Die Landesbeauftragte für den Datenschutz und die Informationsfreiheit Rheinland-Pfalz hat in diesem spezifischen Fall offenbar streng ausgelegt, dass allein die Nutzung US-amerikanischer Infrastruktur potenziell problematisch ist. Andere Datenschutzbehörden in Deutschland könnten jedoch zu einer anderen Einschätzung kommen, da es keine bundesweit einheitliche Entscheidung oder Rechtsprechung gibt.
Ein entscheidender Aspekt ist das Trans-Atlantic Data Privacy Framework (TADPF), das im Juli 2023 in Kraft getreten ist. Dieses Abkommen könnte eine rechtliche Grundlage für Datenübermittlungen in die USA bieten, sofern die beteiligten Dienstleister zertifiziert sind. Wenn Shopify und seine Subdienstleister wie Cloudflare und Fastly sich zertifizieren lassen, könnte dies das Problem lösen.
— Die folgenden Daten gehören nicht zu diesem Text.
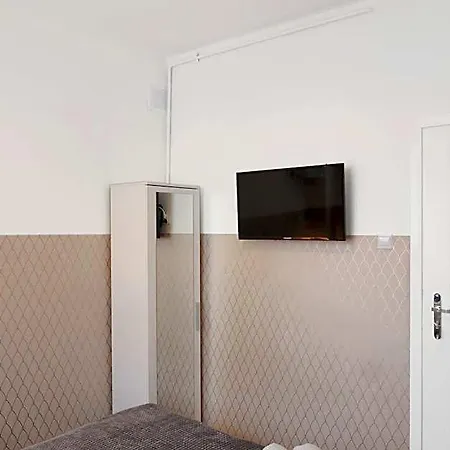 Clicktheflat Three Crosses Square Βαρσοβία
Shopify setzt auf Standardvertragsklauseln (SCCs), Datenschutzfolgenabschätzungen (Data Protection Impact Assessments, DPIAs) und Verschlüsselungstechnologien, um die Einhaltung der DSGVO sicherzustellen. In der Antwort von Shopify wird deutlich, dass die Plattform in der Lage ist, datenschutzrechtliche Anforderungen zu erfüllen, sofern die Shop-Betreiber selbst ebenfalls die richtigen Tools und Einstellungen nutzen (z. B. DSGVO-konforme Cookie-Banner).